Quote from: Default to the negative on November 28, 2019, 02:25:40 PM
It's not 'someone' when it's your mother.

This is true. It's obviously very difficult to comment on a fraction of an insight, but progression from an undesirable situation to a tolerable one rarely occurs by keeping quiet and saying 'next time I'd do it differently'. I appreciate how simplistic that is. You are the one with perspective on the appropriate actions in your situation, but do make sure to take care of yourself as well. It's about you as much as it is your mum, because you're affected.

Quote from: littlefoot on November 28, 2019, 03:29:57 PM
It's about you as much as it is your mum, because you're affected.

It isn't really because - and I'm sorry if this is patronising to old people - they are obviously losing their faculties over time. There's this weird situation where you have to be the 'adult' in the room.

checkoutgirl

Quote from: Default to the negative on November 28, 2019, 02:25:40 PM
It's not 'someone' when it's your mother.

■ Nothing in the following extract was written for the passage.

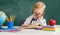 Funny child   schoolboy  boy student about school blackboard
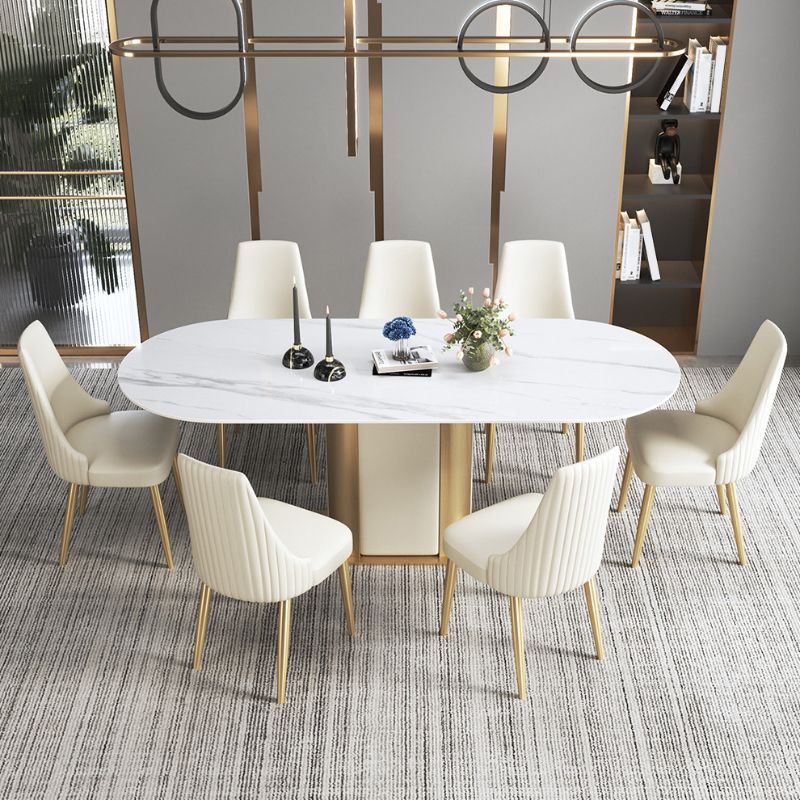 Glam Kitchen Side Chair Gold Legs Parsons Armless Dining Chair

Hmmm. It sort of is. If they won't get help, how long before you cut your losses? I just gave my perspective if I was in that position. You cut your own cloth.

Quote from: checkoutgirl on November 28, 2019, 03:49:27 PM
Hmmm. It sort of is. If they won't get help, how long before you cut your losses? I just gave my perspective if I was in that position. You cut your own cloth.

I remember you saying you wouldn't dare to backtalk your parents.

Glebe

Sorry you're going through all this Black Ship. Hope things calm down and get sorted.

H-O-W-L

As someone with substance abuse issues both past and present: Please do not let yourself go into danger for the sakes of your mum. Yes, she may have issues, and yes, she may need to be helped, but ultimately that is not your personal cross to bear. If she refuses to accept professional help and continues to be dangerous to others around her while sozzled out of her bonce then she definitely needs to be kept away from people until she can clean her act up.

I've met far too many people with substance issues who seem to think that their own issues are other people's problems. They aren't. You have to get the help yourself. All the support networks in the world can't make your own legs move.

Piggyoioi

distance yourself (if you can) and most importantly take care of yourself. perhaps do some armchair diagnosis and figure out if she has BPD or something. sometimes the best way to help toxic people is to show you have clear boundaries, if they're drunk like, you need to show them with action rather than words.